Source material
"""
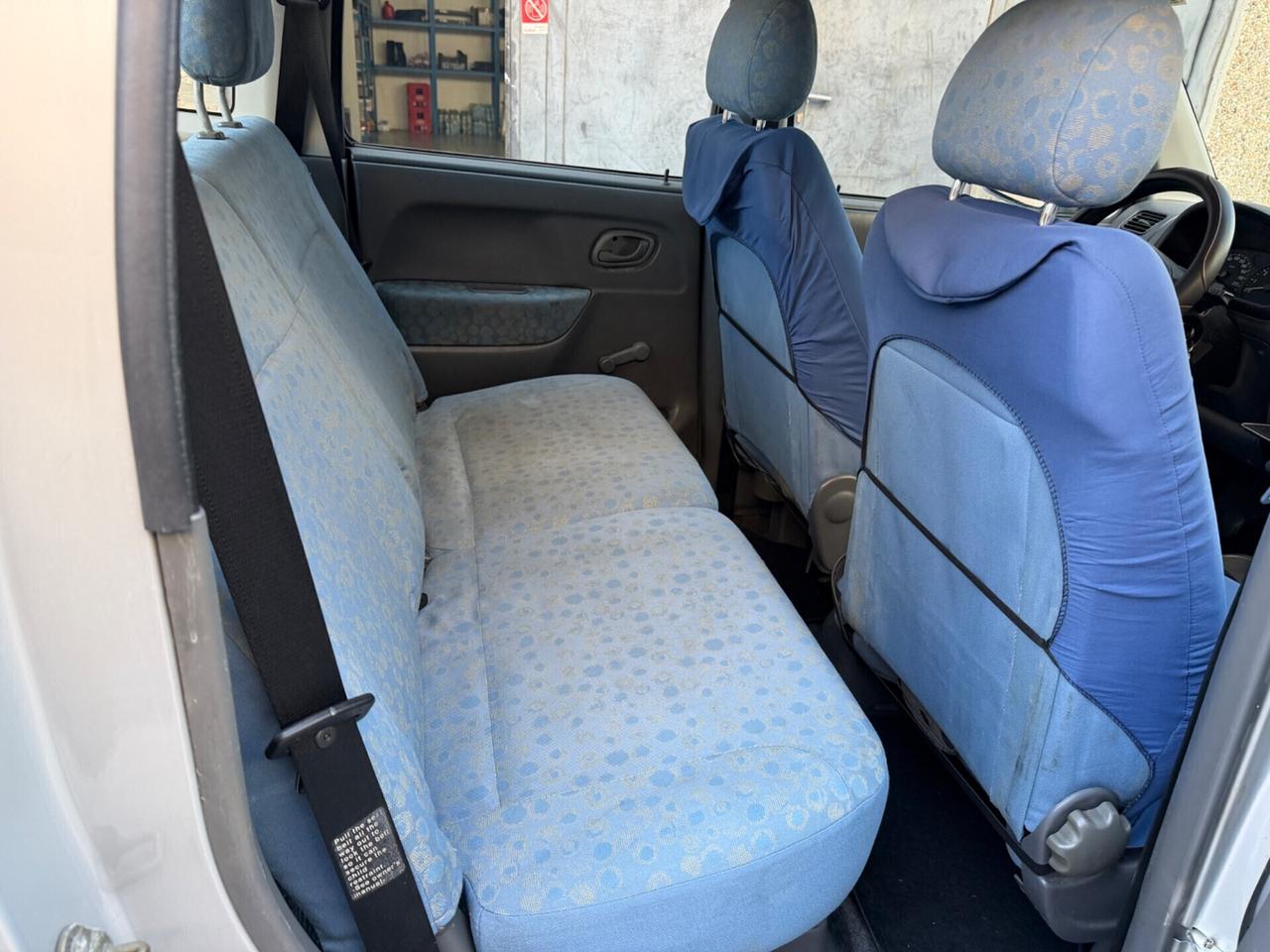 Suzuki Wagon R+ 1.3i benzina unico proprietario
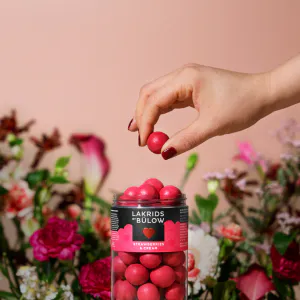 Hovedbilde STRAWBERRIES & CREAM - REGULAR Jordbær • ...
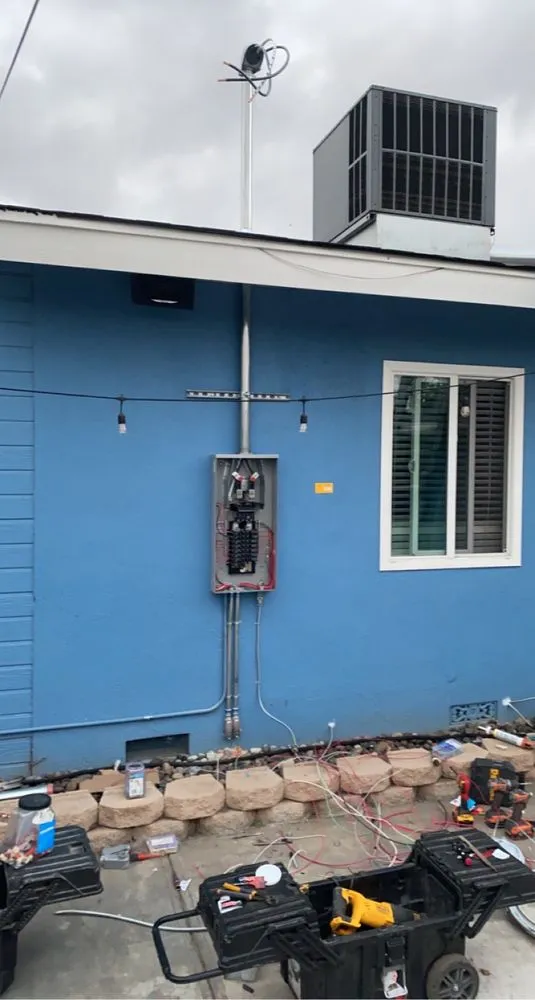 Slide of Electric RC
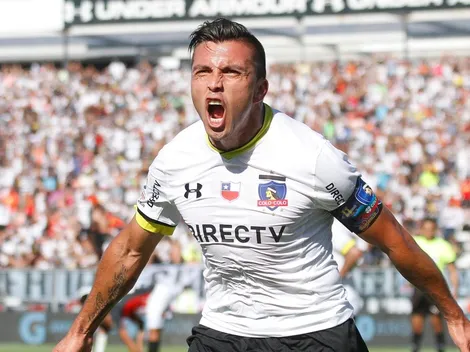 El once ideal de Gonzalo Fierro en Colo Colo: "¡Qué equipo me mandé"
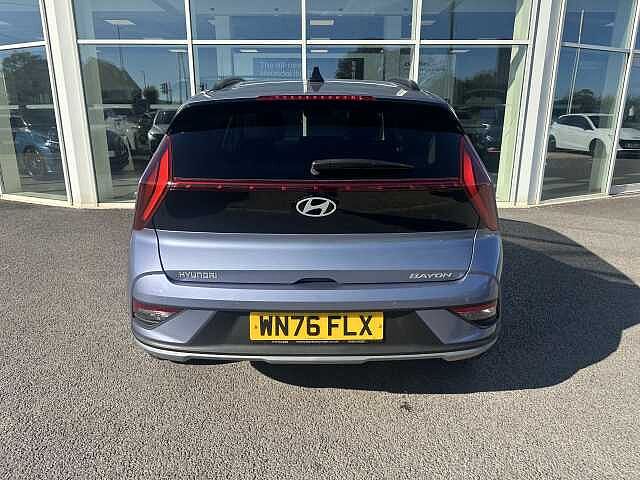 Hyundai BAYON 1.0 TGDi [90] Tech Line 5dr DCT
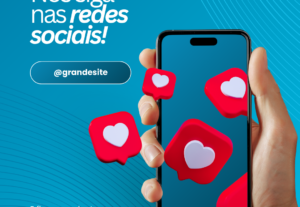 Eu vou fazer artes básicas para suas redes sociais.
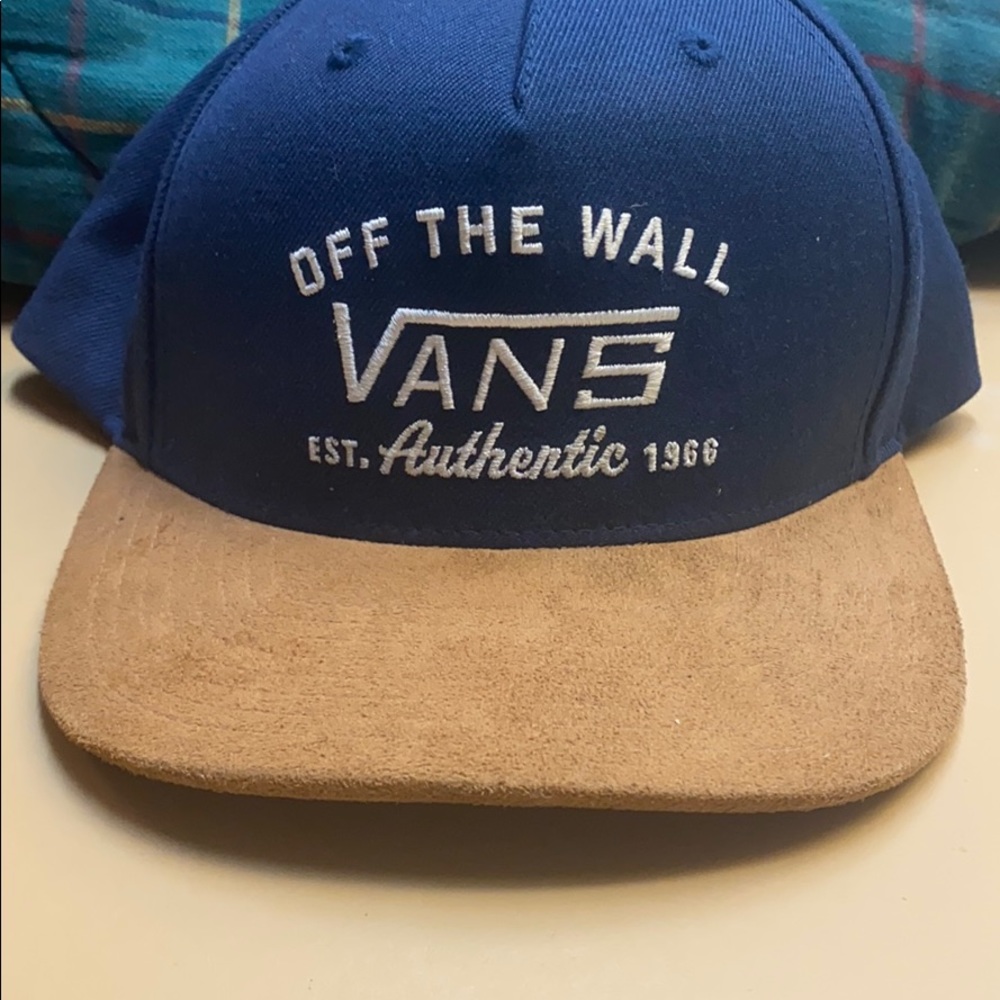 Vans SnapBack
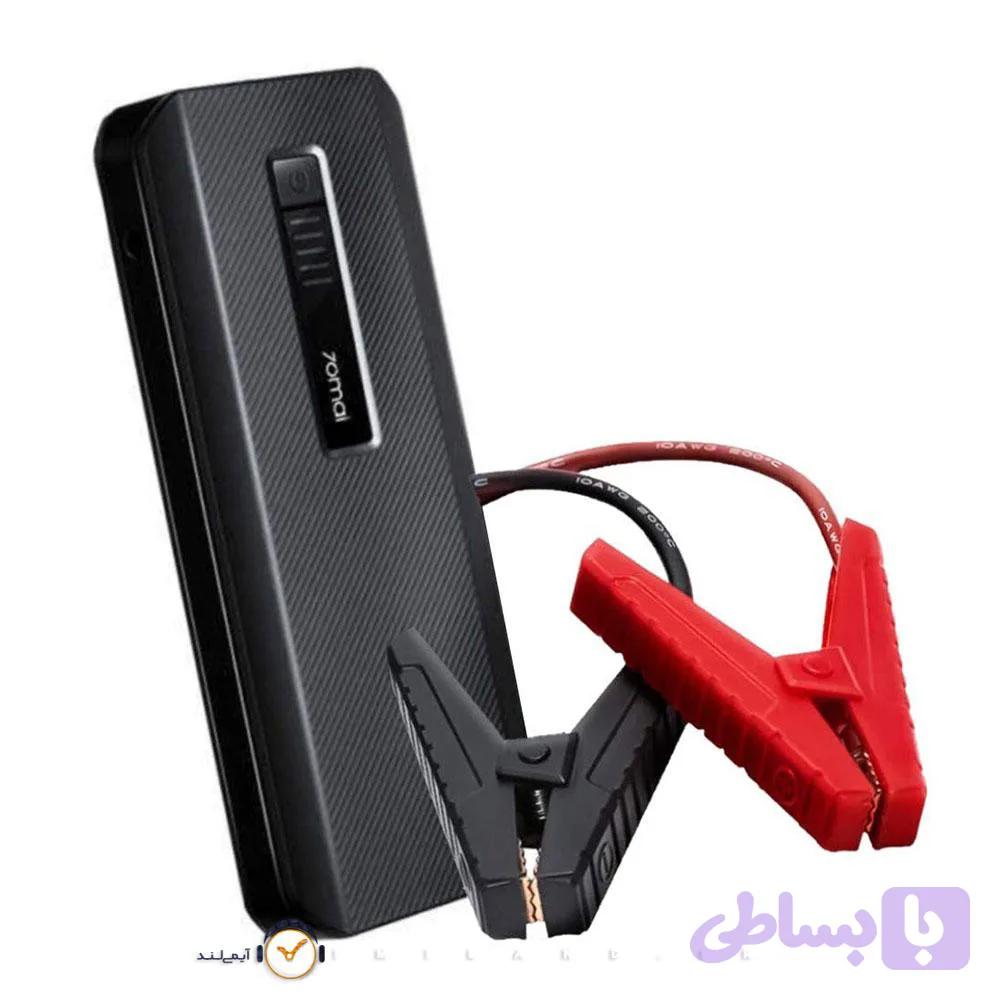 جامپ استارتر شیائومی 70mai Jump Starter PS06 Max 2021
"""
"""
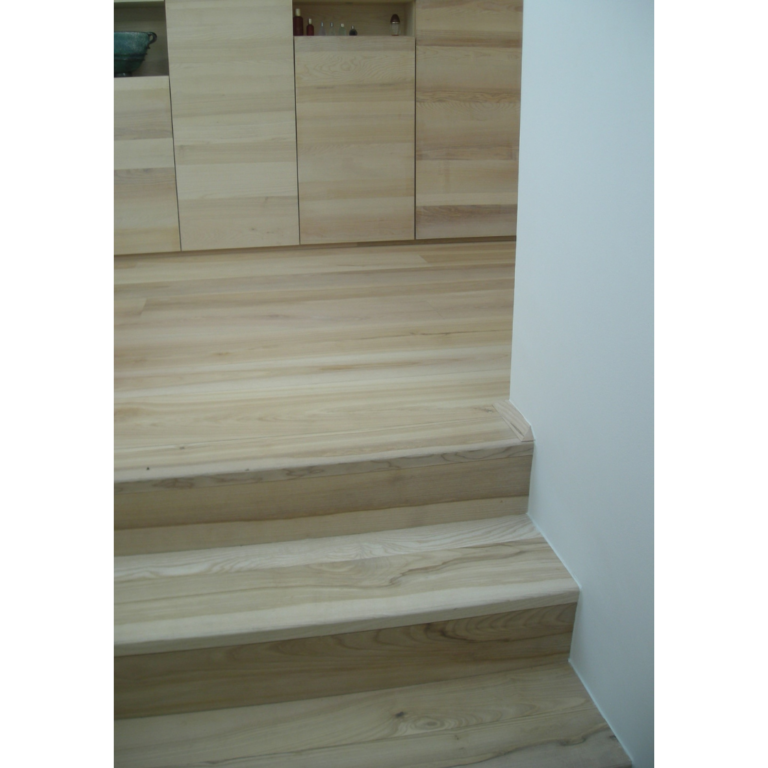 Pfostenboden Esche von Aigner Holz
"""
Task requirements
Using the data above, copy exactly the lines from the one containing "Suzuki Wagon R+" to the one containing "جامپ استارتر شیائومی", inclusive. Exclude the pictures.

Completed task
 Suzuki Wagon R+ 1.3i benzina unico proprietario
 Hovedbilde STRAWBERRIES & CREAM - REGULAR Jordbær • ...
 Slide of Electric RC
 El once ideal de Gonzalo Fierro en Colo Colo: "¡Qué equipo me mandé"
 Hyundai BAYON 1.0 TGDi [90] Tech Line 5dr DCT
 Eu vou fazer artes básicas para suas redes sociais.
 Vans SnapBack
 جامپ استارتر شیائومی 70mai Jump Starter PS06 Max 2021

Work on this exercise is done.